Dorchester County, SC – Margie Hazzard moved to South Carolina in 2012 with her husband. The couple transferred with Boeing from Washington state. A unique home and plot of land in Knightsville in Dorchester County caught their attention.
“It was custom built is what we were told,” she explained to News 2’s Rebecca Collett.
The Hazzards said they met the then-owner and builder, Freddie Myers, through mutual friends. Myers offered to owner finance the home initially. Since he built it, he didn’t require an inspection, Hazzard said.
“He said we’d be wasting our money. We trusted him.”
The family settled in; eventually took out a traditional loan; and expected to enjoy their piece of the country until a storm blew through.
“The toilets bubble when it rains,” Hazzard explained.
That’s not the only problem. As they noticed more issues, the couple hired an engineer to inspect the property. That inspection revealed the roof doesn’t meet code. The stone facade is improperly installed. The plumbing, electrical, and HVAC are all wrong. The foundation is sloping incorrectly.
“That’s why our floors are rotting,” she explained.
The house the family paid $285,000 for is actually worthless. Now the family is suing the builder, Freddie Myers.
“He looked us straight in the eye and lied to us,” Hazzard claims.
That’s why the family called Collett.
Through a Count On 2 investigation, Dorchester County records revealed the only permit pulled for the property was for a barn. The county never inspected the home nor issued a Certificate of Occupancy, although the county collected property tax from the Hazzards on a $283,000 home each year since 2013. After the county reassessed the property, in 2018, they valued it at $40,000.
The county won’t answer questions about how a home that had never been inspected was in county records and taxes were being levied on it.
A spokesperson said the county couldn’t comment because of the pending lawsuit.
But county records revealed Freddie Myers was fined and issued a Stop Work Order for building the house in 2005 while he was building the barn.
“They stopped there,” Hazzard told Rebecca Collett. “They never followed up on it.”
Closing attorney Dixon Pearce says home buyers should request a property’s history in the MLS and in county records. He says even with newly built homes, homeowners should get a quality inspection.
An inspection can reveal poor workmanship or even spot issues county or city employees miss, he explained.

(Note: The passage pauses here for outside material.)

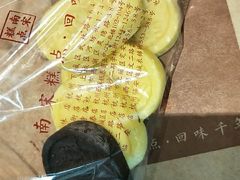 -南宋胡记(杭州体育场路店)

Since the home was initially financed by Freddie Myers, the Hazzards say their second mortgage didn’t require a home inspection either. The loan was based on county records, we now know were wrong.
Inspectors recently condemned the home, but the family still owes $230,000.
The county refunded the years of property taxes the Hazzards had paid.
Freddie Myers’ attorney did not respond to multiple requests for comment as part of this story.
In a response to the pending lawsuit to the court, Myers denied the allegations and says, even if there were issues, the statute of limitations is up.